- Hilary Jenkinson, 1949
- Born: 1 November 1882 Streatham, London, England
- Died: 5 March 1961 (aged 78) London, England
- Resting place: Horsham, Sussex
- Education: Dulwich College
- Alma mater: Pembroke College, Cambridge
- Occupation: Archivist
- Spouse: Alice Violet
- Parent: William Wilberforce Jenkinson Alice Leigh Bedale

= Hilary Jenkinson =

British archivist (1882–1961)

Sir Charles Hilary Jenkinson (1 November 1882 – 5 March 1961) was a British archivist and archival theorist, regarded as the figure most responsible for bringing continental European concepts of archival theory to the English-speaking world.

== Early life, education and military service ==
Born in Streatham, London, Jenkinson was the son of William Wilberforce Jenkinson, a land agent, and Alice Leigh Bedale. He was educated at Dulwich College and Pembroke College, Cambridge, graduating with first class honours in Classics in 1904.

During the First World War, he joined the Royal Garrison Artillery, and served in France and Belgium from 1916 to 1918.

==Career==
In 1906, Jenkinson joined the staff of the Public Record Office and worked on the arrangement and classification of the records of the medieval Exchequer. In 1912, he was put in charge of the search room, which he then reorganised in response to criticisms made in the first report of the Royal Commission on Public Records. After his military service, he worked at the War Office until 1920.

Returning to the Public Record Office, he reorganised the repairing department and later the repository, to which he moved in 1929. He was appointed secretary and principal assistant keeper in 1938.

During 1944 and 1945, he paid several extended visits to Italy, Germany, and Malta as War Office Adviser on Archives, attached to the Monuments, Fine Arts, and Archives Subcommission, playing an important role in archives protection in those countries from the worst of the depredations of war. In 1947, Jenkinson, along with H. E. Bell, advocated the protection and preservation of a country's archives, even during times of war, so that the "sanctity of evidence" may be preserved in the records.

From 1947 until his retirement in 1954, Jenkinson served as the deputy keeper (chief executive officer) of the repository at the Public Record Office. During this tenure, he was instrumental in acquiring more facilities in Ashridge, Hertfordshire as further records storage, and facilities in Hayes, Middlesex to serve as temporary housing for records in the process of being transferred to the Public Record Office.

===Extramural activities===
Jenkinson lectured on palaeography, diplomatic, and archives in Cambridge, and at King's College London and University College, London. He wrote a number of books on palaeography and diplomatic, and his Manual of Archive Administration (1922; revised edition 1937) became a highly influential work on archival practice in Britain and Ireland.

He served as Honorary Secretary of the Surrey Archaeological Society. He took a leading part in establishing its daughter organisation, the Surrey Record Society, in 1912; and thereafter, as secretary and general editor until 1950, in establishing its principles of editing and records publication. He was a founder (1932), Joint Honorary Secretary (1932–47) and Vice-President (1954–61) of the British Records Association; President of the Jewish Historical Society of England (1953–55); and President of the Society of Archivists (1955–61). He also played an important role in the setting up of the National Register of Archives in 1945.

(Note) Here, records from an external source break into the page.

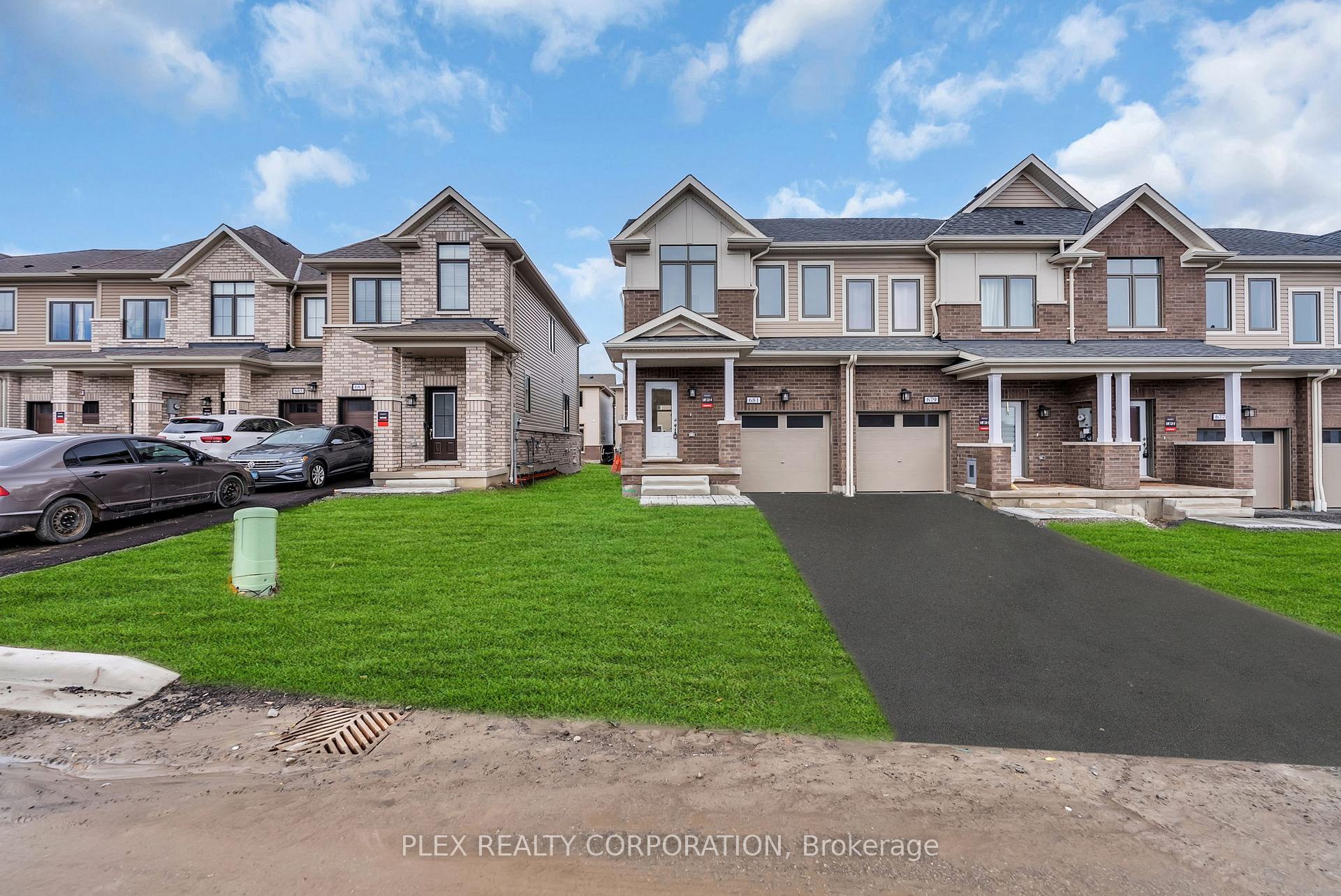 Photo 2 of 681 Ribstone Court, Oshawa, Pinecrest — HOMEH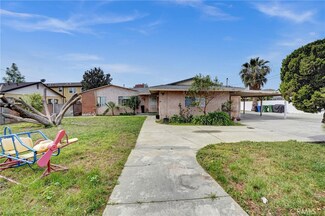 9215 Woodman Ave, Arleta, CA 91331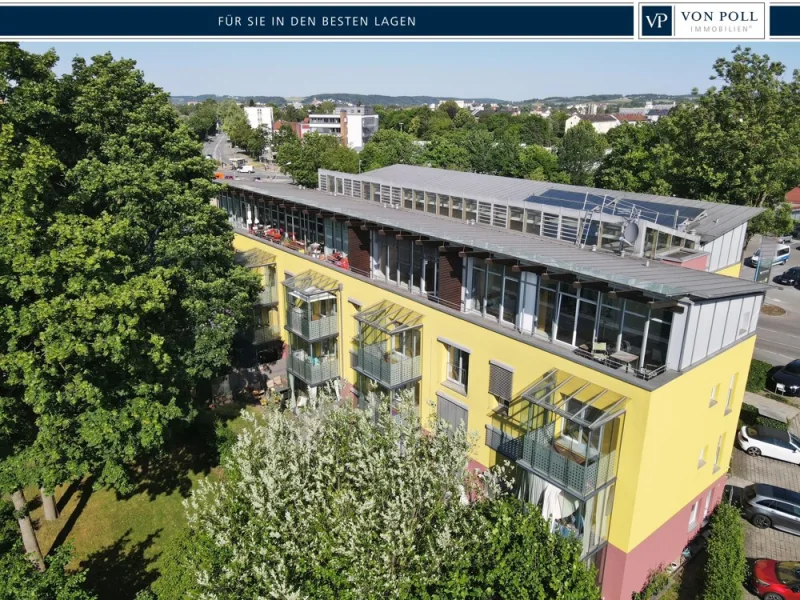 Außenansicht - Wohnung kaufen in Landshut - Hohe Ansprüche? Zurecht! Zentrale exklusive Maisonnettewohnung mit tollem Ausblick ins Grüne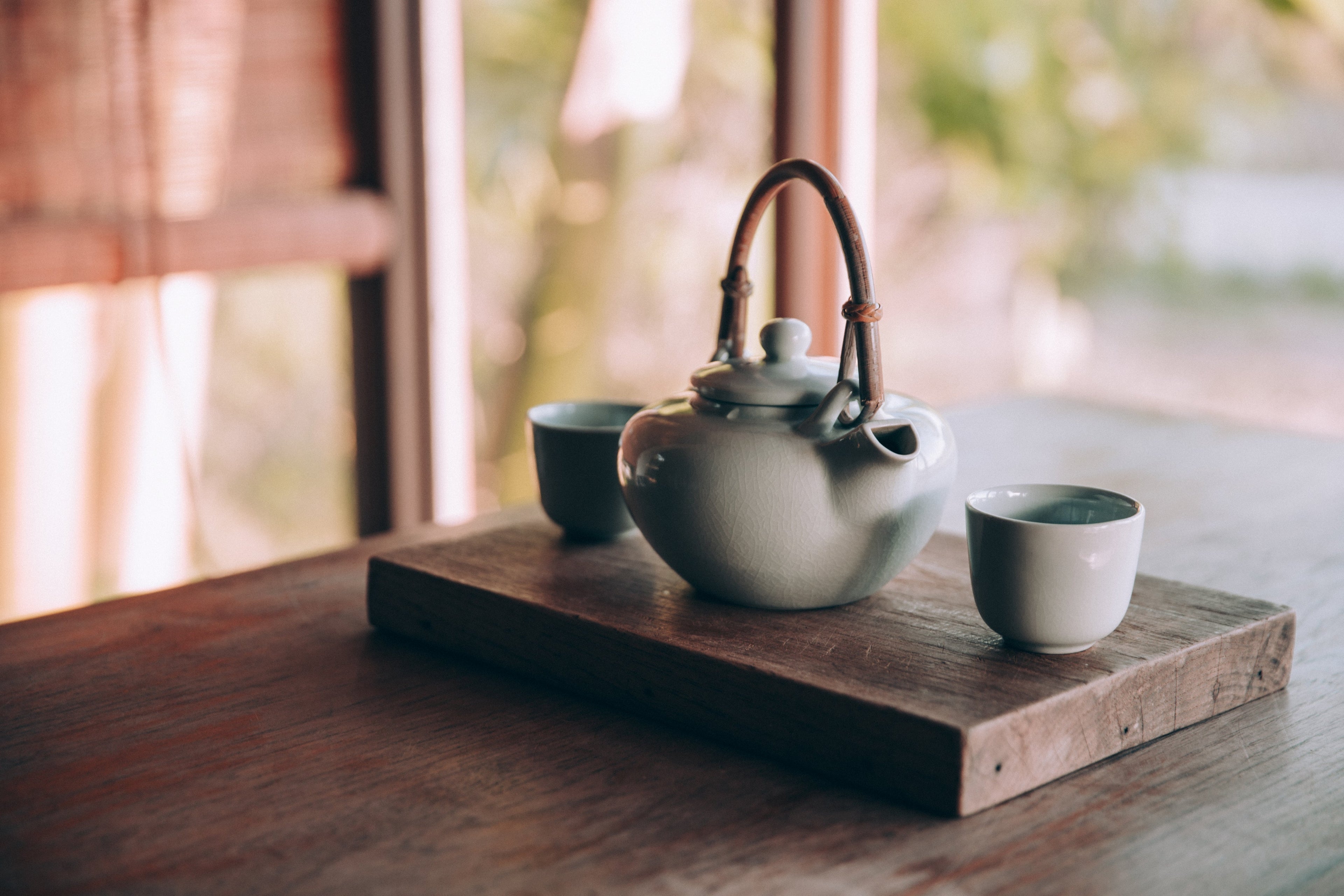 Tired of Bitter Tea? Why Hojicha is Your Perfect Low-Caffeine Green Tea Solution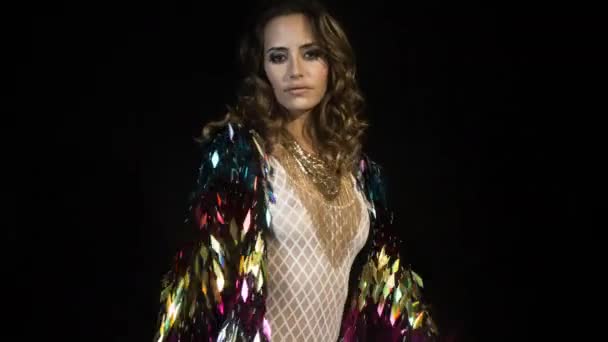 ポーズと驚くべき金属羽を着てセクシーな女性トップに輝く — ストック動画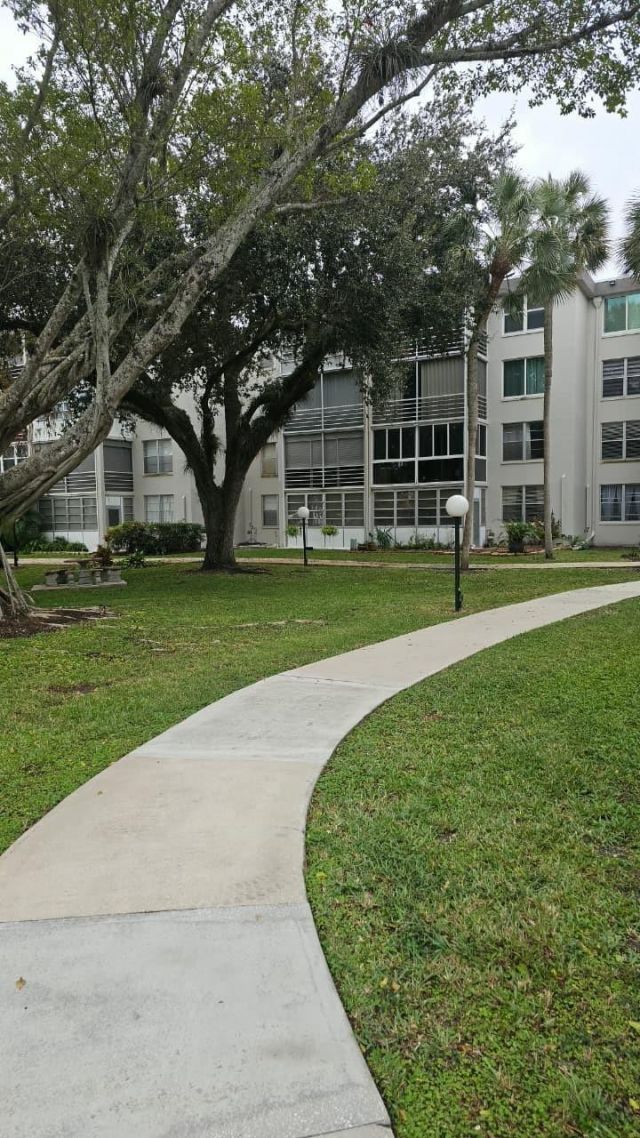 4851 NW 26th Court, Unit 342, Lauderdale Lakes, FL 33313 Photo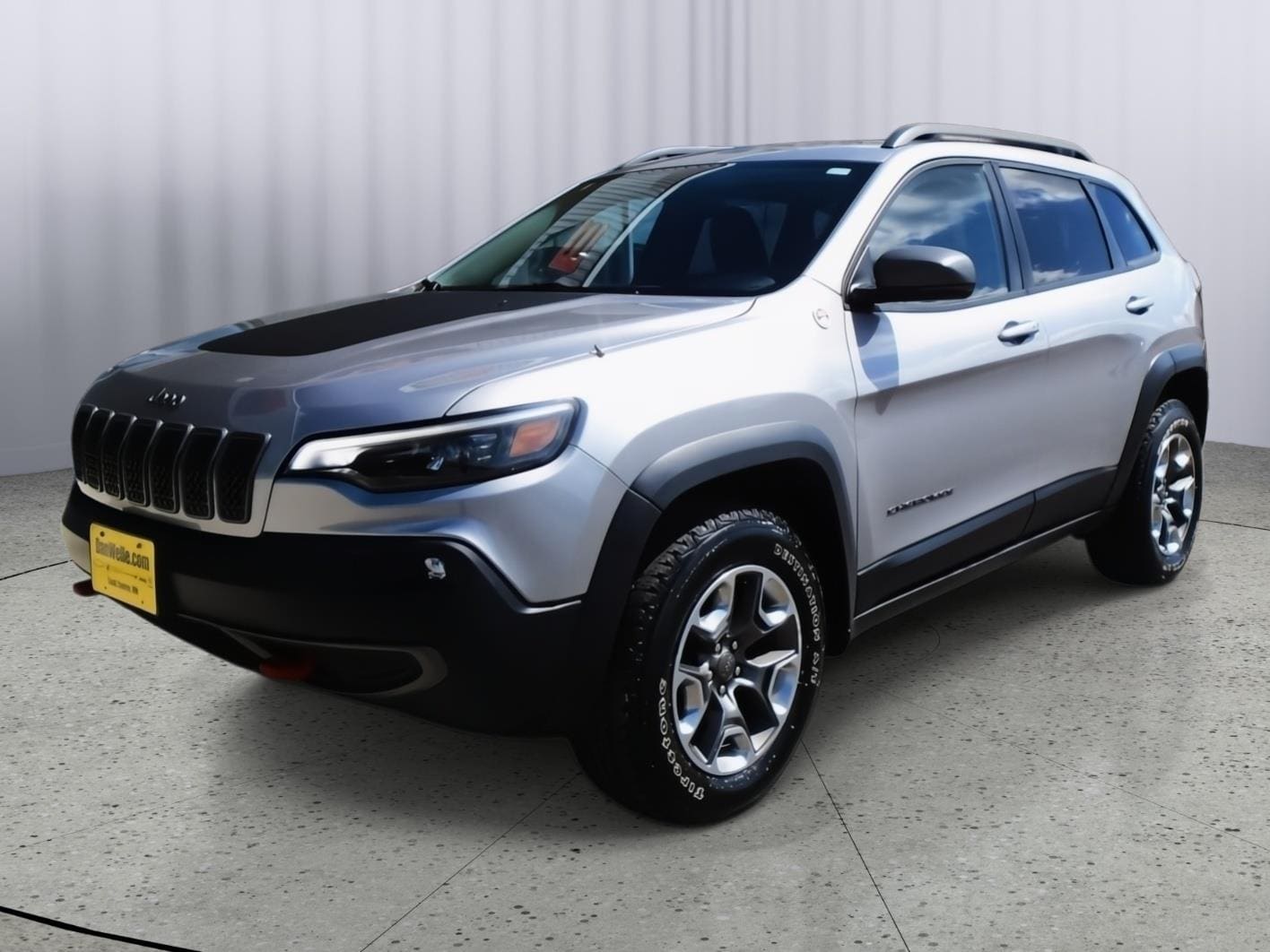 Used 2019 Jeep Cherokee Trailhawk with VIN 1C4PJMBX5KD399545 for sale in Sauk Centre, MN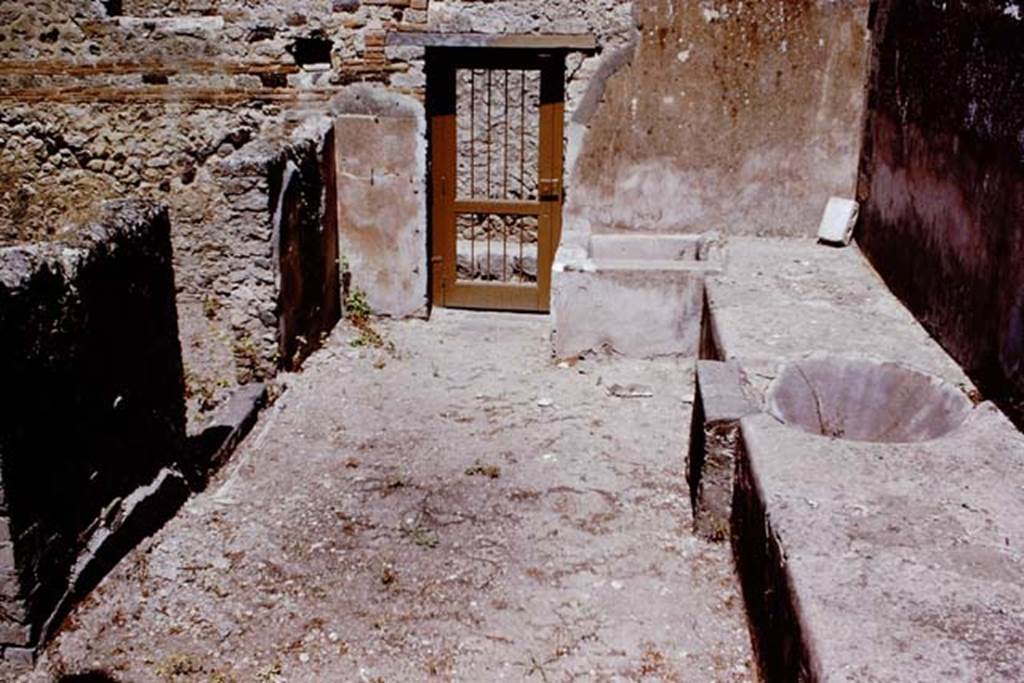 VII.12.21 Pompeii. 1966. Looking east into VII.12.17. Photo by Stanley A. Jashemski.
Source: The Wilhelmina and Stanley A. Jashemski archive in the University of Maryland Library, Special Collections (See collection page) and made available under the Creative Commons Attribution-Non Commercial License v.4. See Licence and use details.
J66f0722
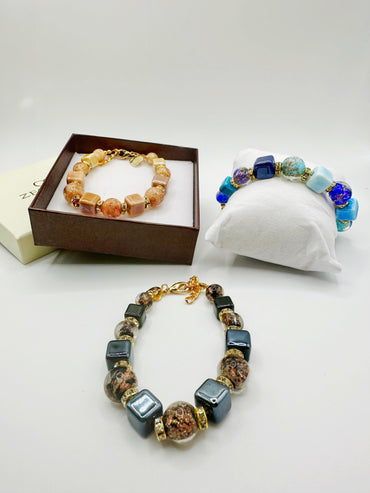 Bracciale Cubo con perle in vetro di Murano, ceramica e polvere d'oro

He served as the British representative on the UNESCO committee convened in 1948 to establish an International Council on Archives, later becoming a vice-president of the Council.

==Archival theory==
Jenkinson's Manual of Archive Administration was first published in 1922, and republished in a second edition (revised and expanded, but not significantly altered in its principles) in 1937. It was reissued with a new introduction by Roger Ellis in 1965. The book is described by John Ridener as "one of the most widely recognized treatises on the theory of archives and archival work" for introducing continental archival concepts to Britain (and the English-speaking world), along with his own original interpretations. For example, Jenkinson rejected the practice of accepting singular documents into an archive, as well as the acceptance of private papers, which he considered to be a flaw of the French and Belgian philosophies. However, Margaret Procter argues that despite Jenkinson's "iconic" status, his work also rested to a considerable degree on an existing British theoretical tradition.

Key elements in Jenkinson's archival theory included the following:
- The objectivity of the archival record
- The principle of provenance
- Le respect pour les fonds and the significance of the inter-relatedness of records
- The organic nature of archival records in creation, preservation, and relationship with other records
- Necessity of continual custody and control of archival records in order to retain significance
- The archivist as impartial custodian: Jenkinson believed that archival appraisal (including the weeding-out and destruction of unimportant records) was not the responsibility of archivists, but of record creators, to be undertaken before the records were transferred to the archive. He emphasised that the archivist is not an analyst of content, but a conservator of any relevant evidence for those who do wish to consult the records.

Jenkinson saw "the good Archivist" as "perhaps the most selfless devotee of Truth the modern world produces". "His Creed, the Sanctity of Evidence; his Task, the Conservation of every Scrap of Evidence attaching to the Documents committed to his charge; his Aim, to provide, without prejudice or afterthought, for all who wish to know the Means of Knowledge." He further reaffirmed this position by designating the archivist as being a "profession of faith," a serious professional that is uncompromising in their duty.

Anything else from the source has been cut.